I am a 21-year-old social entrepreneur and CEO of Ragsul Trading. I started selling pure water sachets on the streets of Freetown when I left secondary school. I started realizing I create a new venture to make paper bags after seeing all the plastic waste from water factories. I started with a capital of 200,000 Leones ($20). Then, I moved on to producing coconut charcoal briquette, vegetable farming, and poultry. But I lost money on vegetable farming, so I shut that down. Later in 2019, I started poultry farming with over 1,000 layers, and as of today, I have 3,000 layers.

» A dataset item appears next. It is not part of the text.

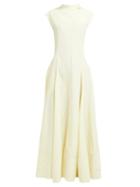 Matchesfashion.com Jil Sander - Gatsby Slit Hem Open Back Dress - Womens - Light Yellow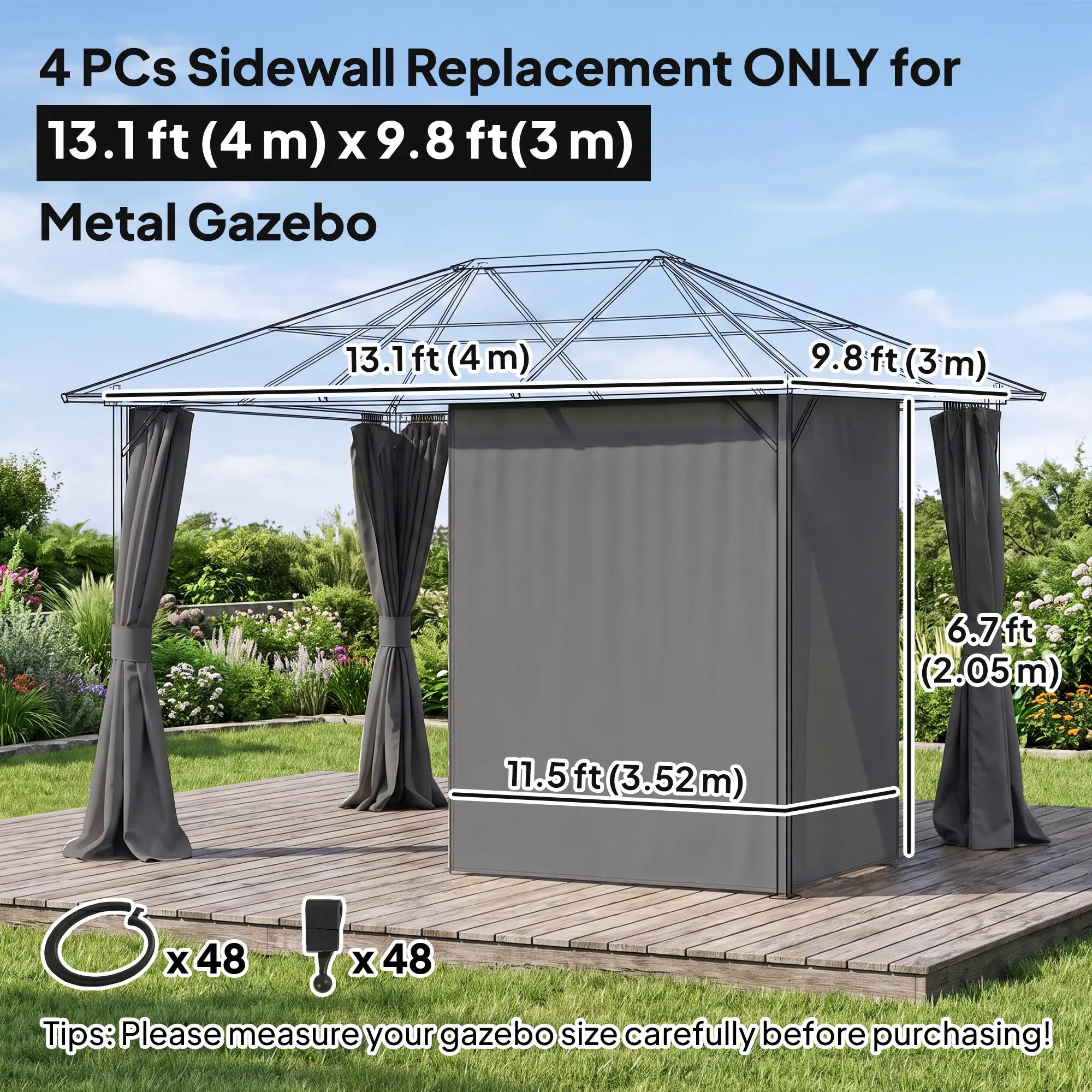 10' x 13' Gazebo Sidewall Set, 4 Panels, Light Grey Gazebo Sidewalls at Gallery Canada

Before the COVID-19 pandemic, business was good for the poultry farm. Our primary customers are hotels and restaurants. There were tourists at the hotels, so the demand for eggs was high. The two other businesses were also doing well; the flow of income was significant. When the coronavirus pandemic hit, Sierra Leonean businesses suffered. I was in the U.S; there were travel restrictions. I couldn’t get back to Sierra Leone to manage the business and maintain potential customers. I have already shut down operations for the paper bag production and the coconut charcoal briquette, which won me the $15,000 2018 Anzisha Prize.
Presently the poultry farm, which is the worst affected in the business, is at risk. I have not even reached my projected net revenue for the year. We projected to make $30,000, but I haven’t even made more than $10,000. I am spending a lot right now to keep operations running. The cost of materials is expensive, and the selling price is stagnant. Before, I bought a corn bag for 250,000 Leones, and now it costs around = 350,000 Leones. I believe that things will come back to normal soon to implement most of my plans.